We now move from considering the components of the producer to those of the installer. The first phase of the installation - linking in the TDF libraries containing the token definitions describing the local implementation of the API - is performed by a general utility program, the TDF linker (or builder). This is a very simple program which is used to combine a number of TDF capsules and libraries into a single capsule. As has been emphasised previously, the capsule structure means that this is a very natural operation, but, as will be seen from the previous discussion (particularly section 2.2.3), such combinatorial phases are very prone to namespace problems.

In TDF tags, tokens and other externally named objects occupy separate namespaces, and there are no constructs which can cut across these namespaces in the way that the C macros do. There still remains the problem that the only way to know that two tokens, say, in different capsules are actually the same is if they have the same name. This, as we have already seen in the case of system linking, can cause objects to be identified wrongly.

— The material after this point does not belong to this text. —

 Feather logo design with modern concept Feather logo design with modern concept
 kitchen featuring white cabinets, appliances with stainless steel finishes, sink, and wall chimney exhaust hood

In the main TDF linking phase - linking in the token definitions at the start of the installation - we are primarily linking on token names, these tokens being those arising from the use of the target independent headers. Potential namespace problems are virtually eliminated by the use of unique external names for the tokens in these headers (such as ansi.stdio.FILE in the example above). This means that there is a genuine one to one correspondence between tokens and token names. Of course this relies on the external token names given in the headers being genuinely unique. In fact, as is explained below, these names are normally automatically generated, and uniqueness of names within a given API is checked. Also incorporating the API name into the token name helps to ensure uniqueness across APIs. However the token namespace does require careful management. (Note that the user does not normally have access to the token namespace; all variable and procedure names map into the tag namespace.)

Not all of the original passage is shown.